None of the Indian cities are as worse as Beijing.

Except may be Kolkata.


----------



## freshseasons (Jan 30, 2014)

So does it mean people in India die faster than people in other countries like china.

   So if somehow you are an NRI or that you settle abroad you have just increased your life span .


----------



## $hadow (Jan 30, 2014)

Cities like Kanpur, Moradabad in U.P. which are known for their manufacturing and import of brass, leather etc have a very dense pollution in the city centers. On some places you can barely see a clear sky.


----------



## ash63425 (Jan 30, 2014)

I guess whether it is more or less than Beijing but it is harmful for sure.

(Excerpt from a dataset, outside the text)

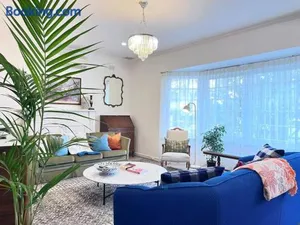 Image of Sunny Retro Home Burnside area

Day by day its getting tougher to breathe in cities like Delhi and NCR.


----------



## Anorion (Jan 31, 2014)

this is news because people realized delhi has low-visibility white-out smog persisting through mid-day which is what beijing was notorious for.
this is not caused by the small particle PM2.5 pollutants (exhaust, industrial chimneys) but by larger pollutant particles suspended in air (construction), which has fewer comments in these stories. so the alarm is caused by the larger particles, but the focus is on the deadlier smaller particle pollution. deadlier is just relative here, these bigger particles are also dangerous, and cause the chronic breathing problems mentioned in the articles.

anyway, would trust the TOI src which is a govt organisation responsible for tracking pollution SAFAR, more than the NYT source which is a public interest environmental advocacy group About CSE | Centre for Science and Environment


----------



## Nanducob (Jan 31, 2014)

Add some cigarette to weaken the lungs more


----------



## icebags (Feb 1, 2014)

thanks to all the smokers and guddi+bike -wallas, we and the next gen indians gradually will consume less oxygen than our ancestors.  govt should make petrol price 200/litre with immediate effect, forcing people to use public transport.


there is a flyover here, i often go walking, and find the air above flyover is thicker than what lies under it, where no car is running.


----------